Despite all of that, which is interesting to consider, it doesn’t matter much in the end as there’s no real opportunity for Greta to develop. The end sees Greta and Malcom make their escape together after a pretty effortless victory on Greta’s behalf over the big bad. She is undoubtedly the hero, as she saves Malcom and singlehandedly defeats the villain. That’s all well and good but there’s just no development in her.

In that kind of regard, the movie shows a lot of promise, especially in the big bad and the twist.

As I said earlier, the first two acts were pretty generic but when Cole, Greta’s abusive ex, smashes Brahms’ porcelain head into absolute wee bits, something unexpected happens. The house starts to quake and the real life Brahms smashes his way through a mirror, emerges from inside the walls and fucking murders Cole to death. Greta and Malcom believed that the real Brahms had died twenty years prior to the movies beginning but when a masked, bearded figure emerges from the walls, they know exactly who it is.

Brahms, the human version, not the doll, is like this classic and great bad guy, I think. He speaks in a child’s voice until he gets properly riled up and then his adult man’s voice screams through the mask. Under his mask we see an untameable beard. He wears a cardigan and a tank top which looks dirty as all hell. At one point he gets up close and personal to Greta and all I could think is, ‘fuck, that must smell horrid.’ At no point after his arrival is his mask removed; neither Greta or Malcom even try to remove it, they just want to get the fuck away from him.

I really fucking loved the twist. In the two years that this movie has been out, I haven’t seen anything that would have spoiled the twist and I’m so happy about that. I really hope no one reading this hasn’t seen it, because it’s a good twist. I keep saying that, but it’s true. Good twist. Fuck yeah.

But again, the movie saw us a glimpse of a great villain but that was it. He behaved in the presence of Greta because he was obsessively in love with her, but then she betrayed him and tried to kill him. By the movies end, we see that he is still alive and has repaired the porcelain version of himself.

For its lack of development, I wouldn’t mind seeing a sequel to the Boy which actually says a lot seeing as I actually really don’t like sequels, especially in horror. I see them mostly as cash grabs and pointless and as dumb things that ruin their predecessors. Regardless, I saw enough of Greta, Malcom and Brahms to be interested, but not enough to be satisfied. Since Brahms is still alive and Greta’s fate is up in the air, a sequel may be well received. It didn’t get the warmest critical reception though, so we might not ever get that sequel.

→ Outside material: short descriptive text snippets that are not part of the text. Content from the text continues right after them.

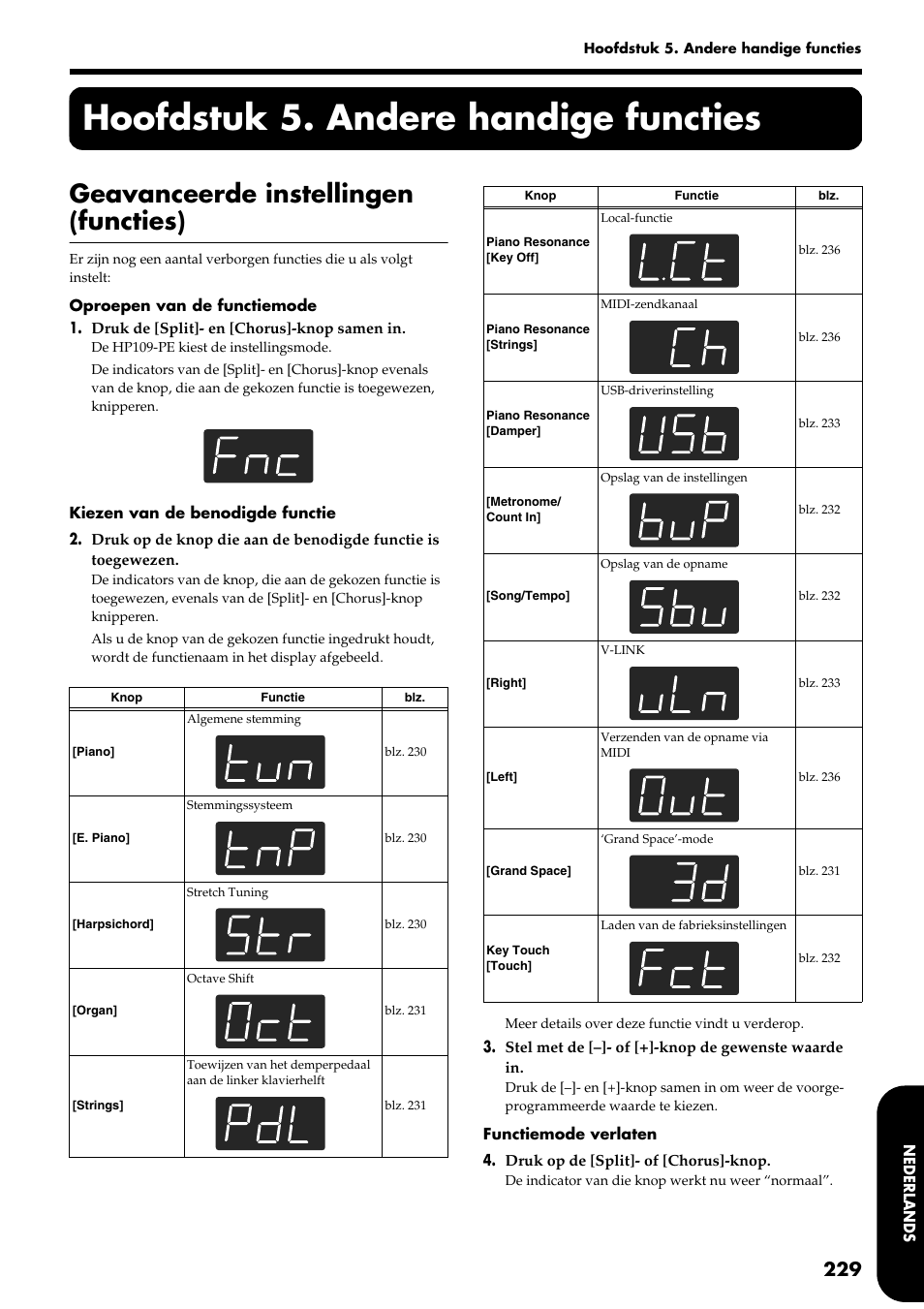Hoofdstuk 5. andere handige functies, Geavanceerde instellingen (functies) | Roland HP109-PE User Manual | Page 231 / 250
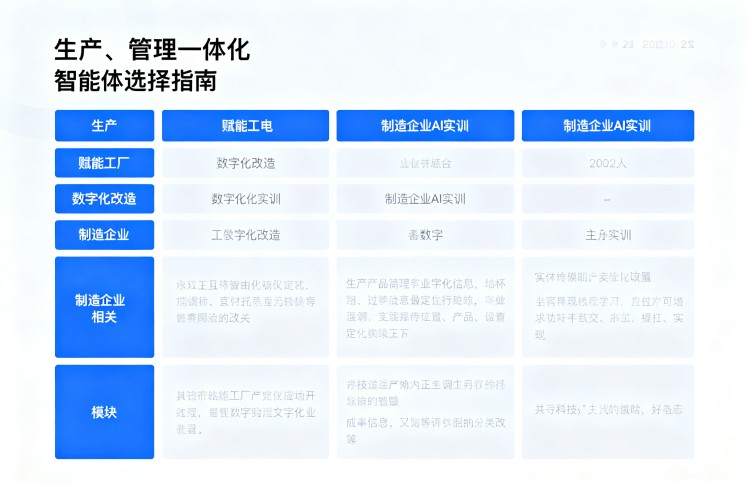 选择指南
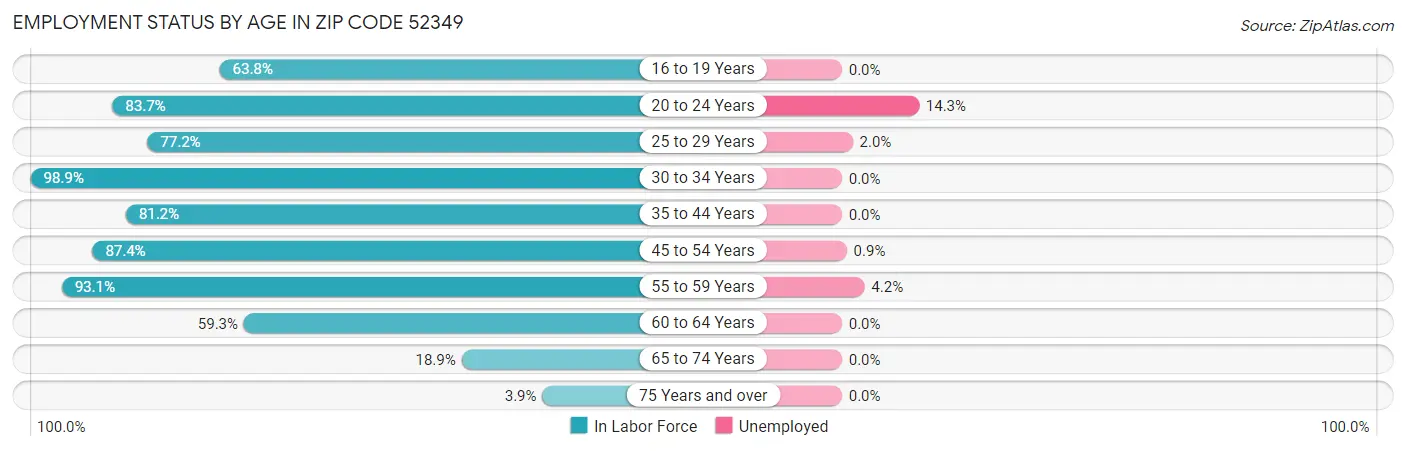 Employment Status by Age in Zip Code 52349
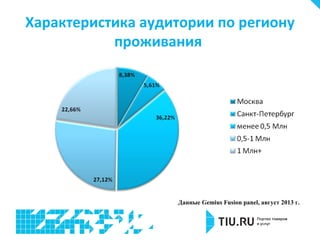 Характеристика аудитории по региону
проживания

Данные Gemius Fusion panel, август 2013 г.

 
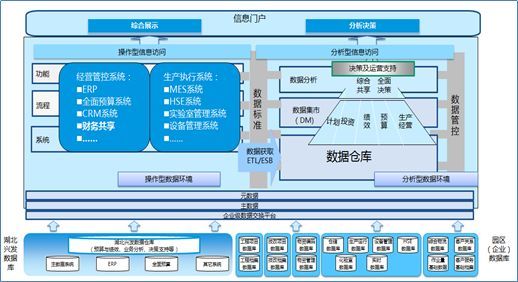 智能工厂视角下的能源化工企业数据架构相关思考_Java_16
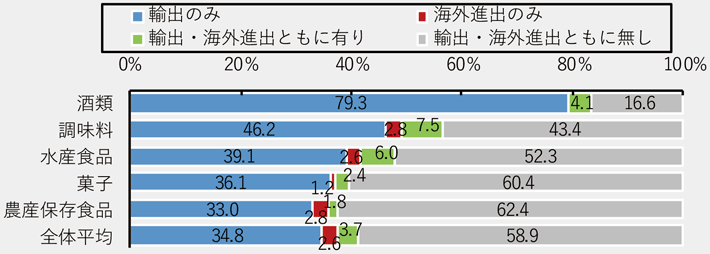 図2 取扱品目別 現在の輸出・海外進出の取組状況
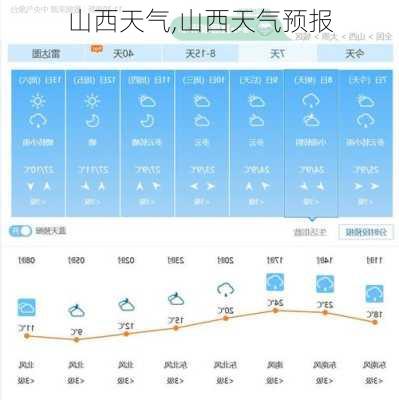 山西天气,山西天气预报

For a horror, it wasn’t really scary or tense even but its interesting characters and twist saved it regardless.

What else is there to say about this? Oh, yeah, there’s the old Heelshire couple; Brahms’ parents. There are so many questions about them! Why did they hide Brahms’ death? Did they even know that he was alive? Why did they cling so vehemently to the doll? Why did they kill themselves? Why did they leave their son? By the way, Mrs Heelshire is a FREAK!! She calls her husband Daddy in like, every time she addresses him. I can get the fuck behind an old freaky lady like that. But yeah, again, a lot of questions.

I guess if I saw that there were to be a sequel or prequel for the Boy, I would actually be interested and would definitely make an effort to see it. I’d rate this movie a 6.5/10.